How to Debate Israel’s National Security Decisions
In the public debate about Israel’s national security in general and a desirable Israeli-Palestinian settlement in particular, the dividing line between “political” and “professional” has been drawn by old elites and interest groups. Proponents of concessions and withdrawals are traditionally cast as guided entirely by professional considerations, while opponents of such ideas are dismissed as driven by ulterior motives and political agendas. This presentation is not only false, but the inverse of the truth.
Former Mossad Director Shabtai Shavit dismissed my opinion piece “Benny Gantz’s Dangerous Ambiguity on West Bank Disengagement” as a political treatise undeserving of publication by an academic research institute.
He derides the BESA Center for Strategic Studies, which published the paper and where I serve as a senior research associate, as “painted since its foundation by political colors in line with the number of its skullcap-wearing associates.” Had Shavit done his due diligence, he would have quickly learned that even by the parameters of his perverse logic, the BESA Center should be painted by quite different “political colors,” given that over 80 percent of its research associates are not “skullcap-wearers.”
This mind-boggling stigmatization notwithstanding, it is not the first time that I have been accused of subordinating professional considerations to a political agenda.
In a 2005 war game at the IDF’s General Staff, contemplating possible military responses to rocket/missile attacks from the Gaza Strip after the looming unilateral disengagement, I argued that the IDF’s operational maneuverability would be severely constrained, and that decisions on operating in Palestinian territory across the border fence would be complex and difficult to make. I further maintained that the IDF would find it exceedingly difficult to respond effectively to Hamas missile attacks launched from densely populated areas.
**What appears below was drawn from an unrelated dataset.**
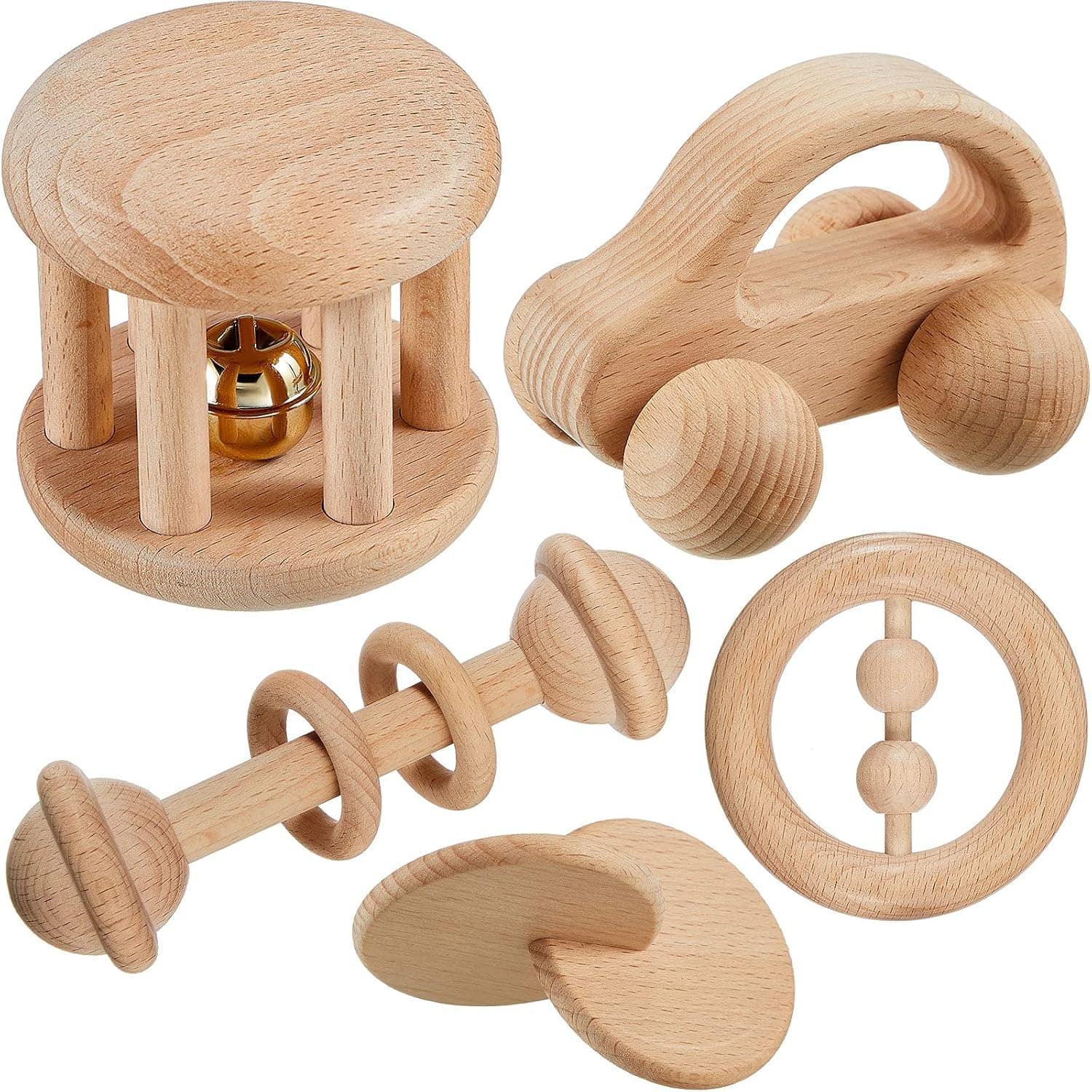 Zhanmai 5 Pcs Wooden Baby Toys Montessori Toys for 0-6-12 Months Sensory Baby Rattles with Bells Push Car Wooden Newborn Boys and Girls Gifts for Toddlers 1-3 Years Infant Grasping Sensory Development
I was immediately accused of speaking “politically” rather than “professionally.” The same thing happened three years later, when I told my fellow General Staff officers of my doubts about the IDF’s ability to defend Israel in the event of total withdrawal from the Golan Heights. The formula is clear: officers who downplay the security risks of territorial withdrawals do so on “professional” grounds; those who underscore the dangers attending such withdrawals are driven by “political” considerations.
There lies the crux of the matter. In the debate on Israel’s national security in general and a desirable Israeli-Palestinian settlement in particular, the dividing line between the “political” and the “professional” has been drawn by old elites and interest groups that exert overwhelming influence on the public discourse. Thus, proponents of concessions and withdrawals have long been cast as guided exclusively by professional considerations, while their opponents have been dismissed as driven by ulterior motives and political agendas. It is no coincidence that the piece that attracted Shavit’s mudslinging — free of rebuttal of a single fact or assertion — has been translated and thoroughly discussed by the influential Palestinian newspaper, Al-Quds Al-Arabi.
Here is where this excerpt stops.